Problem details:
Only one stretch of the data below is wanted: the lines from the one with "with Complete Tracklist" through the one with "Elegant Fur Cuff", repeated exactly.

:: Extracted data ::

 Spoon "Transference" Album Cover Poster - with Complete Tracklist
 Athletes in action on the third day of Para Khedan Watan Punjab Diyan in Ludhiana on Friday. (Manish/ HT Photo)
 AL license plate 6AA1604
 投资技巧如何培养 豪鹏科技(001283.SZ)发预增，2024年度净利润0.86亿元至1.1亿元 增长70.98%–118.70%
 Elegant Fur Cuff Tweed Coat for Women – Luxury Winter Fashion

:::
:: Extracted data ::

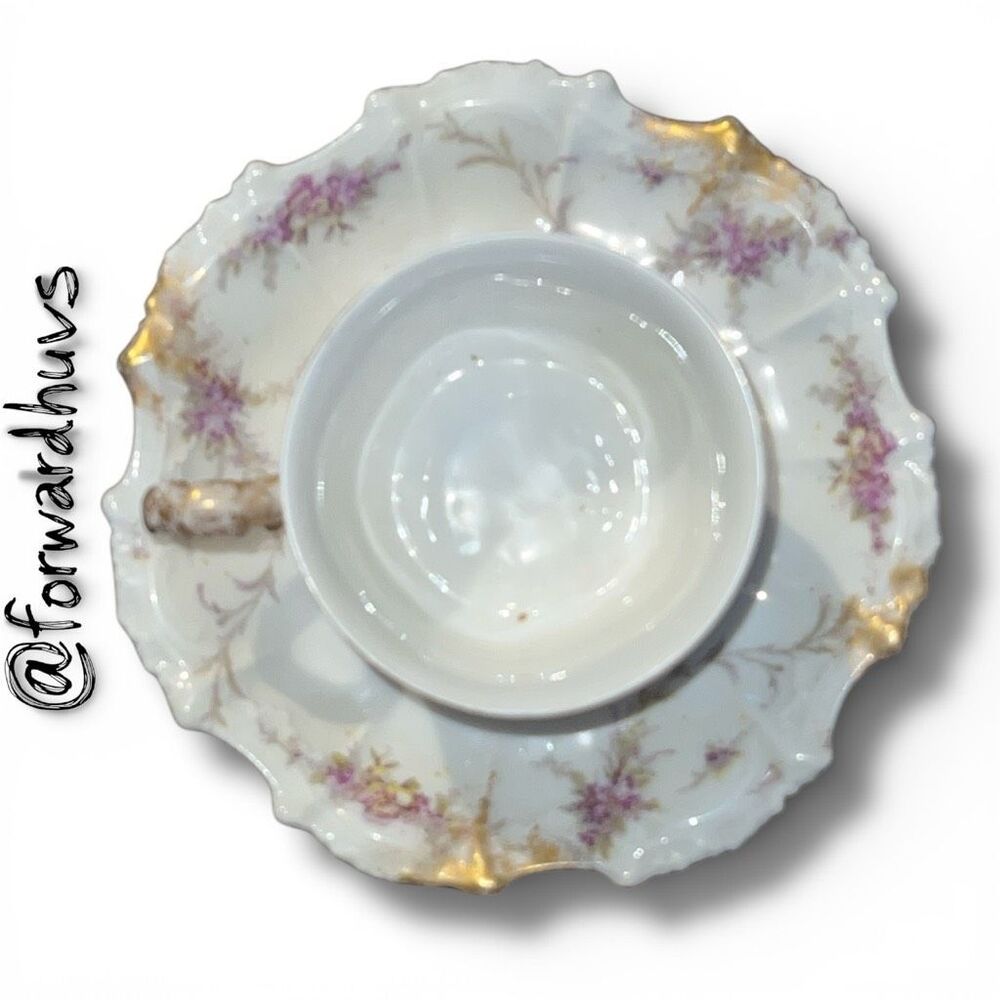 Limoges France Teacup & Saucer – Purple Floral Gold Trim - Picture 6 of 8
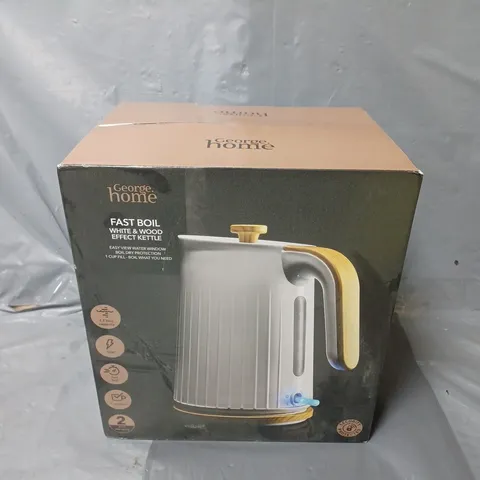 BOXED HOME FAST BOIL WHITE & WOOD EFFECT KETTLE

:::
:: Extracted data ::

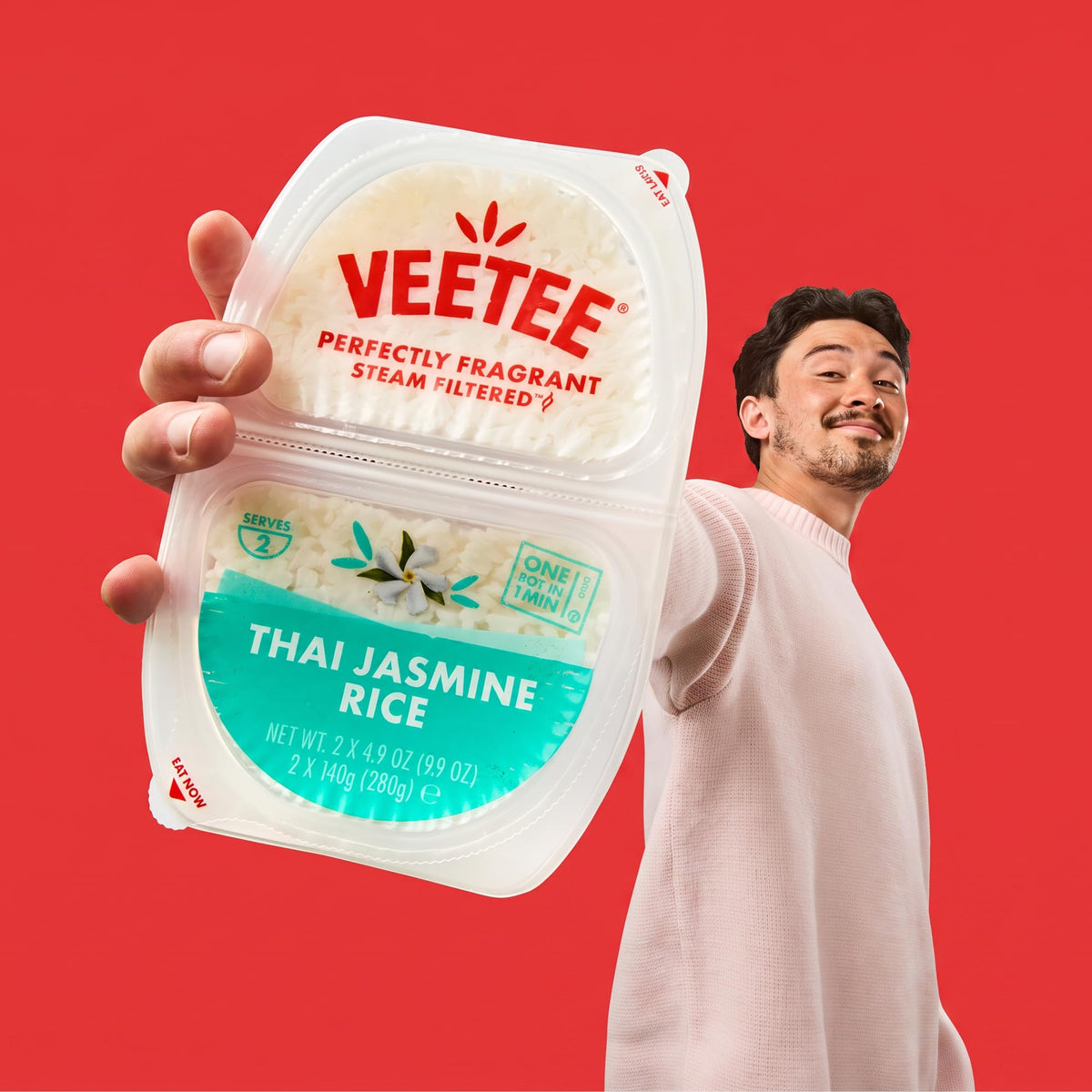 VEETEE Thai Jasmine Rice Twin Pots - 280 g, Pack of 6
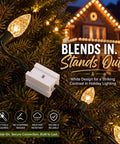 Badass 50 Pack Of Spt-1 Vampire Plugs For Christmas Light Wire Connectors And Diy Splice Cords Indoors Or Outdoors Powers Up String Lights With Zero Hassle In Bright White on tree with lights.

:::

Written solution:
 Spoon "Transference" Album Cover Poster - with Complete Tracklist
 Athletes in action on the third day of Para Khedan Watan Punjab Diyan in Ludhiana on Friday. (Manish/ HT Photo)
 AL license plate 6AA1604
 投资技巧如何培养 豪鹏科技(001283.SZ)发预增，2024年度净利润0.86亿元至1.1亿元 增长70.98%–118.70%
 Elegant Fur Cuff Tweed Coat for Women – Luxury Winter Fashion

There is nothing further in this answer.